Filled T387001, will try again on Monday assuming the patch is approved in time.

Mentioned in SAL (#wikimedia-operations) [2025-02-24T09:32:13Z] <urbanecm> Start GrowthExperiments:revalidateLinkRecommendations.php for frwiki, eswiki, ptwiki and idwiki (T385780)

Started arzwiki revalidation:

[urbanecm@deploy2002 ~]$ curl -s 'https://analytics.wikimedia.org/published/datasets/one-off/research-mwaddlink/arzwiki/arzwiki.linkmodel.json.checksum'
2f4ab8aa4ff47a8b859f23b21adc2775bab0337a6f71a96269836e7c7d13af33  arzwiki.linkmodel.json
[urbanecm@deploy2002 ~]$ cat > arzwiki-checksum.txt
2f4ab8aa4ff47a8b859f23b21adc2775bab0337a6f71a96269836e7c7d13af33
[urbanecm@deploy2002 ~]$ mwscript-k8s --file arzwiki-checksum.txt -f -- GrowthExperiments:revalidateLinkRecommendations --wiki=arzwiki --exceptDatasetChecksums=arzwiki-checksum.txt --deleteNullRecommendations --verbose
⏳ Starting GrowthExperiments:revalidateLinkRecommendations on Kubernetes as job mw-script.codfw.tid05s4u ...
⏳ Waiting for the container to start...
🚀 Job is running.
📜 Streaming logs:
Revalidating link recommendations:
  fetching task batch starting with page 0
  منه شلبى is outdated, regenerating... success
  منى هلا is outdated, regenerating... success
  نانسى عجرم is outdated, regenerating... success
  نمر is outdated, regenerating... success
[...]

If someone wants, logs should be streamable using: K8S_CLUSTER=codfw KUBECONFIG=/etc/kubernetes/mw-script-codfw.config kubectl logs -f job/mw-script.codfw.tid05s4u mediawiki-tid05s4u-app from the deployment server (or K8S_CLUSTER=codfw KUBECONFIG=/etc/kubernetes/mw-script-restricted-codfw.config kubectl logs -f job/mw-script.codfw.tid05s4u mediawiki-tid05s4u-app if you are a member of the restricted group).

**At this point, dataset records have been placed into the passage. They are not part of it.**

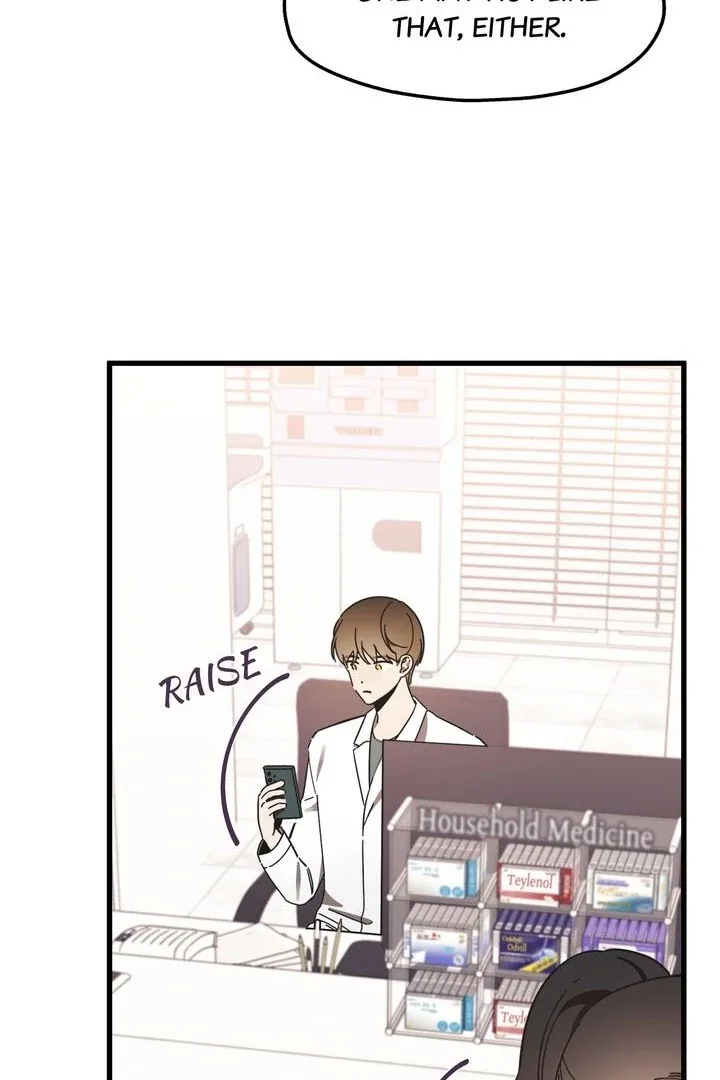 The Man Who Wears Magnolia Chapter 21 page 7
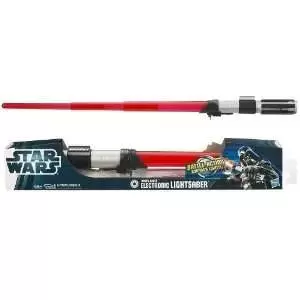 Lightsabers And Roleplay Items - Darth Vader Electronic Lightsaber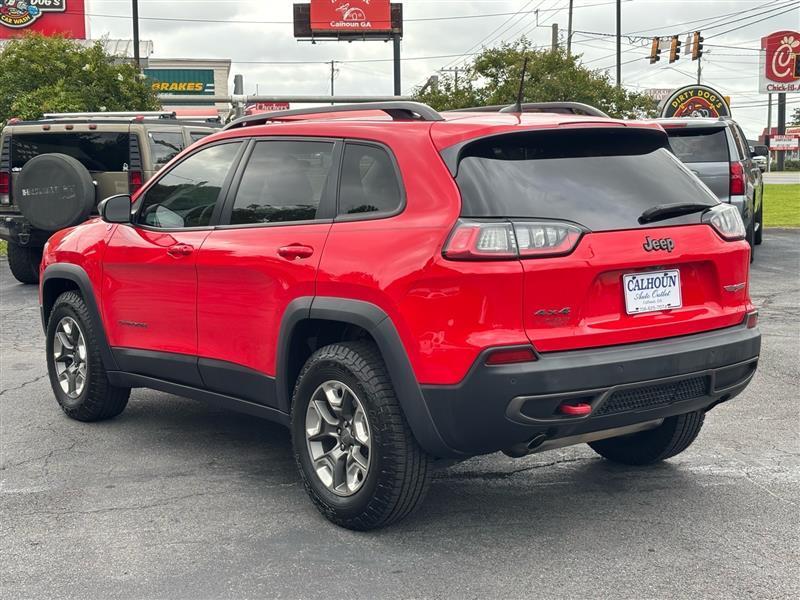 jeep cherokee 2019 1C4PJMBX4KD228933 image jeep cherokee 2019 1C4PJMBX4KD228933 image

KStoller-WMF renamed this task from Retrain Add Link models before deploying Surfacing Structured Tasks to Retrain Add Link models for Surfacing Structured Tasks pilot wikis.Mar 9 2025, 9:40 PM
KStoller-WMF moved this task from Inbox to Backlog on the Growth-Team board.
Michael claimed this task.

I'm closing this as resolved since the experiment has concluded and all related code has been removed. (the models are still there ofcourse.)